The Stranglers Honeymoon
Page 31
‘Yes, thank you very much,’ said Jung. ‘I had no idea there were so many people indulging in . . . in this kind of activity.’
‘Huh,’ muttered the woman. ‘There’s no end of lonely people around.’
That certainly seems to be the case, thought Jung as he settled down in his car again. Paradoxically enough, that seemed to be the lowest common denominator among people. Loneliness.
Why on earth did I come here at all? he asked himself. Anna Kristeva had said they had thrown away the response from Amos Brugger – as they had done with all the other letters hoping to exploit the favours on offer from her and Ester Peerenkaas. He would never have even dreamt that the newspaper would retain a copy.
Besides, he had been acting on his own initiative. Reinhart hadn’t told him to follow it up – although he might well have given it his blessing.
That morning’s meeting had convinced him that now was the time to act on one’s own initiative. And to chase after straws.
After a while Jung realized he was sitting in his car with his hands on the steering wheel, staring out through the windscreen at the rain. Sitting there and thinking about that Kerran-Brugger character.

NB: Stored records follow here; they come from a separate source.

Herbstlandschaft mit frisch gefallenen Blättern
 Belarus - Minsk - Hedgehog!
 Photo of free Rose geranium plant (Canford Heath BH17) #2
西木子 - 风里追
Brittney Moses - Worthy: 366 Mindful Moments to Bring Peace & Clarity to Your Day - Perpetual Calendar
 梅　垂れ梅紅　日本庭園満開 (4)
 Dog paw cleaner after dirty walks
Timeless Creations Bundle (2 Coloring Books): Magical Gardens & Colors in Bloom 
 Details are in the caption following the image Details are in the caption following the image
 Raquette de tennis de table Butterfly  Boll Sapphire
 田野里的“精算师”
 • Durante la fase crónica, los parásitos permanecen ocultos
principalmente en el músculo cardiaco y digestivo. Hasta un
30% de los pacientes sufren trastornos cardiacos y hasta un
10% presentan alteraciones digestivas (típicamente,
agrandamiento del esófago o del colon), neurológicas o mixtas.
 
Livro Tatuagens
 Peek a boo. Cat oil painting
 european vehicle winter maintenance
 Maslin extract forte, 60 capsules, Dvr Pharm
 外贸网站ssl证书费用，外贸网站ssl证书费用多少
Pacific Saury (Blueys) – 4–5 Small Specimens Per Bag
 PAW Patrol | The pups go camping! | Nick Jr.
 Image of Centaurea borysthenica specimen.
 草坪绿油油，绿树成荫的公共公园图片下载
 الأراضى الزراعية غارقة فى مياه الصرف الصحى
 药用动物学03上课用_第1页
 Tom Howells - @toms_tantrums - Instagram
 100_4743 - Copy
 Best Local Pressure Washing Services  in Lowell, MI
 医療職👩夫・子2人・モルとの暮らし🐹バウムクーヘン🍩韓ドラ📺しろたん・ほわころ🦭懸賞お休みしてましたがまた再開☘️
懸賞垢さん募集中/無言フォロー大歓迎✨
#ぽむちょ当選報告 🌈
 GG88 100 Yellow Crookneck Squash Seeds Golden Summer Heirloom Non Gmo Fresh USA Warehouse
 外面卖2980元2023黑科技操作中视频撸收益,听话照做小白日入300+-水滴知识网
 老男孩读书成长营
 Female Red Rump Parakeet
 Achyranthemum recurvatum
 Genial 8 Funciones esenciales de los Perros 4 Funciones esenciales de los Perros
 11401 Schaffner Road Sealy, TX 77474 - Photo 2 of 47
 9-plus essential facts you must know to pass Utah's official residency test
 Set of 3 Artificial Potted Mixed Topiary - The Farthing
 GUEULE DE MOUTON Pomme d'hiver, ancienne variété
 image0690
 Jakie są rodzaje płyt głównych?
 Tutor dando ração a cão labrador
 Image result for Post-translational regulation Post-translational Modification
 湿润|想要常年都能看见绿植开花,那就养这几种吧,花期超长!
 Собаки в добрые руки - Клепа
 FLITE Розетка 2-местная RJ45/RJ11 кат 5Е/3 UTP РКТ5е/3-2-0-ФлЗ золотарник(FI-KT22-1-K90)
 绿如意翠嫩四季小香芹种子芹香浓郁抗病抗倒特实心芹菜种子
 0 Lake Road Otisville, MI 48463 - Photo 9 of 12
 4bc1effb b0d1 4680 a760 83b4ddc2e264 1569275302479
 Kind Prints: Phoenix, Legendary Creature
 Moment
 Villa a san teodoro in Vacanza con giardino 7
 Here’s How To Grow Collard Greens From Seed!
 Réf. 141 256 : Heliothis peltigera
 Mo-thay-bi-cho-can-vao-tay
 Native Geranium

He probably doesn’t have a wide circle of friends either, he thought, thinking back to his conversation in the newspaper office. Perhaps he’s the most lonely bastard of them all. Yes, that’s highly likely to be the case.
It was hardly an earth-shattering thought. Murderers were seldom good mixers.
He realized he was feeling cold. Dawn had passed over into dusk. He checked his watch, started the car, and drove off to collect Maureen from work.
35
Münster switched off the engine, but left the music on. Dexter Gordon, the tenor saxophonist, live from the Village Vanguard in the early 1950s.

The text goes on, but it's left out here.